A radical synthesis of the hybrid self

We must abandon the archaic, comforting illusion of human exceptionalism and face the raw biological facts. The query of whether are we only 43% human should not inspire existential dread, but rather a profound shift in how we approach medicine, psychology, and daily nutrition. We are walking ecosystems, collaborative biological vessels where the non-human majority holds immense leverage over our health and sanity. To fiercely defend the idea of a pure, isolated human identity is to deny the very network that keeps us alive. Let us stop fighting the wilderness within us. Embracing this complex, messy chimera is the only logical way forward for our species.

💡 Key Takeaways

  • Is 6 a good height? - The average height of a human male is 5'10". So 6 foot is only slightly more than average by 2 inches. So 6 foot is above average, not tall.
  • Is 172 cm good for a man? - Yes it is. Average height of male in India is 166.3 cm (i.e. 5 ft 5.5 inches) while for female it is 152.6 cm (i.e. 5 ft) approximately.
  • How much height should a boy have to look attractive? - Well, fellas, worry no more, because a new study has revealed 5ft 8in is the ideal height for a man.
  • Is 165 cm normal for a 15 year old? - The predicted height for a female, based on your parents heights, is 155 to 165cm. Most 15 year old girls are nearly done growing. I was too.
  • Is 160 cm too tall for a 12 year old? - How Tall Should a 12 Year Old Be? We can only speak to national average heights here in North America, whereby, a 12 year old girl would be between 13

❓ Frequently Asked Questions

1. Is 6 a good height?

The average height of a human male is 5'10". So 6 foot is only slightly more than average by 2 inches. So 6 foot is above average, not tall.

2. Is 172 cm good for a man?

Yes it is. Average height of male in India is 166.3 cm (i.e. 5 ft 5.5 inches) while for female it is 152.6 cm (i.e. 5 ft) approximately. So, as far as your question is concerned, aforesaid height is above average in both cases.

3. How much height should a boy have to look attractive?

Well, fellas, worry no more, because a new study has revealed 5ft 8in is the ideal height for a man. Dating app Badoo has revealed the most right-swiped heights based on their users aged 18 to 30.

4. Is 165 cm normal for a 15 year old?

The predicted height for a female, based on your parents heights, is 155 to 165cm. Most 15 year old girls are nearly done growing. I was too. It's a very normal height for a girl.

5. Is 160 cm too tall for a 12 year old?

How Tall Should a 12 Year Old Be? We can only speak to national average heights here in North America, whereby, a 12 year old girl would be between 137 cm to 162 cm tall (4-1/2 to 5-1/3 feet). A 12 year old boy should be between 137 cm to 160 cm tall (4-1/2 to 5-1/4 feet).
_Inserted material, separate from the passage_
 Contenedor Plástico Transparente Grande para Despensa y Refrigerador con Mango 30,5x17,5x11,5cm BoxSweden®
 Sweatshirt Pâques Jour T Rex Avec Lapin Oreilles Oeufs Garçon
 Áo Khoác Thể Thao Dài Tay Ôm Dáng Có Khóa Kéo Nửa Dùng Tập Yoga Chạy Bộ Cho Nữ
6. How tall is a average 15 year old?

Average Height to Weight for Teenage Boys - 13 to 20 Years
Male Teens: 13 - 20 Years)
14 Years112.0 lb. (50.8 kg)64.5" (163.8 cm)
15 Years123.5 lb. (56.02 kg)67.0" (170.1 cm)
16 Years134.0 lb. (60.78 kg)68.3" (173.4 cm)
17 Years142.0 lb. (64.41 kg)69.0" (175.2 cm)
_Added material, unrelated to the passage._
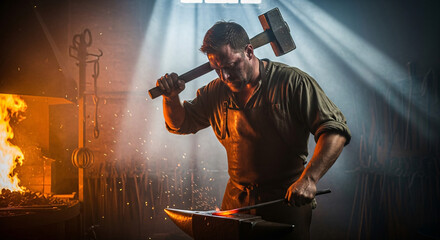 Dramatic Blacksmith Shaping Hot Metal with Hammer in Dark Workshop Setting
7. How to get taller at 18?

Staying physically active is even more essential from childhood to grow and improve overall health. But taking it up even in adulthood can help you add a few inches to your height. Strength-building exercises, yoga, jumping rope, and biking all can help to increase your flexibility and grow a few inches taller.

8. Is 5.7 a good height for a 15 year old boy?
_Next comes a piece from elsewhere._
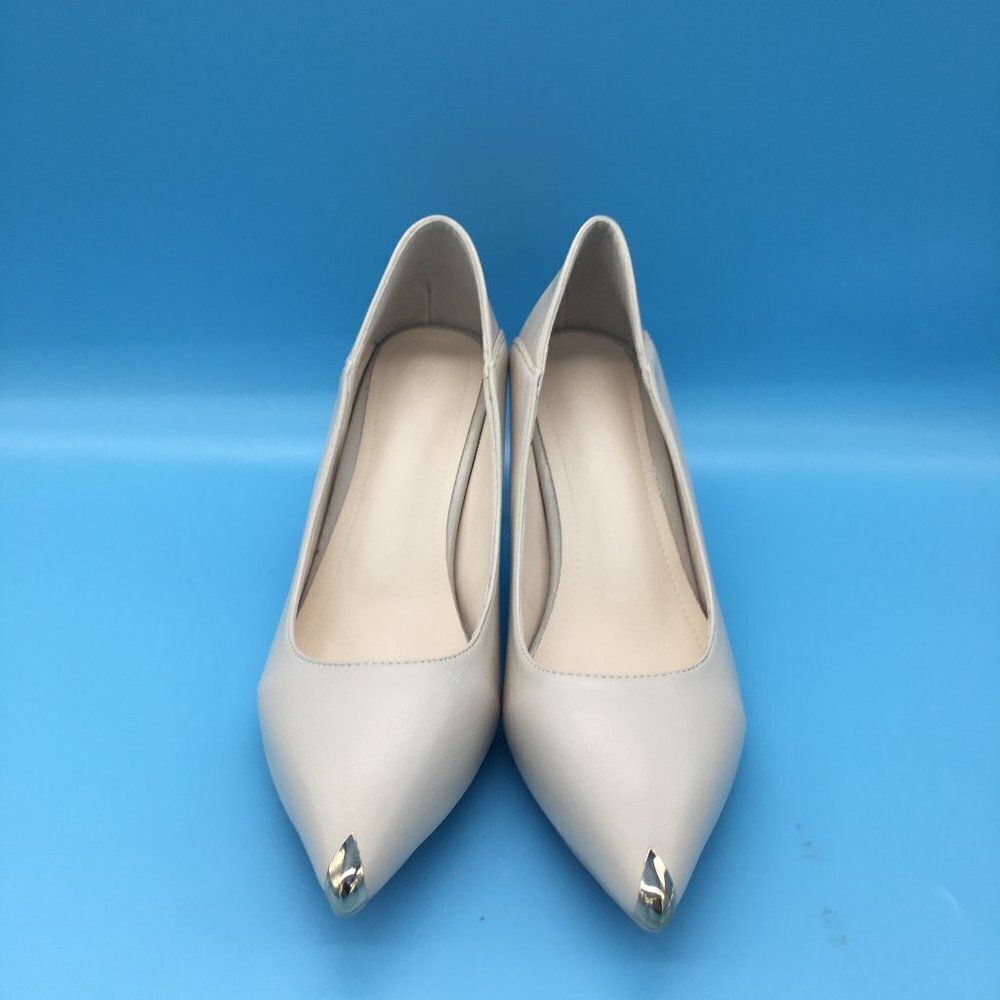 Whtie Pointed Toe Pumps Mid Heel Stilettos Sexy Slip On Office Dress Shoe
Generally speaking, the average height for 15 year olds girls is 62.9 inches (or 159.7 cm). On the other hand, teen boys at the age of 15 have a much higher average height, which is 67.0 inches (or 170.1 cm).

9. Can you grow between 16 and 18?

Most girls stop growing taller by age 14 or 15. However, after their early teenage growth spurt, boys continue gaining height at a gradual pace until around 18. Note that some kids will stop growing earlier and others may keep growing a year or two more.

10. Can you grow 1 cm after 17?

Even with a healthy diet, most people's height won't increase after age 18 to 20. The graph below shows the rate of growth from birth to age 20. As you can see, the growth lines fall to zero between ages 18 and 20 ( 7 , 8 ). The reason why your height stops increasing is your bones, specifically your growth plates.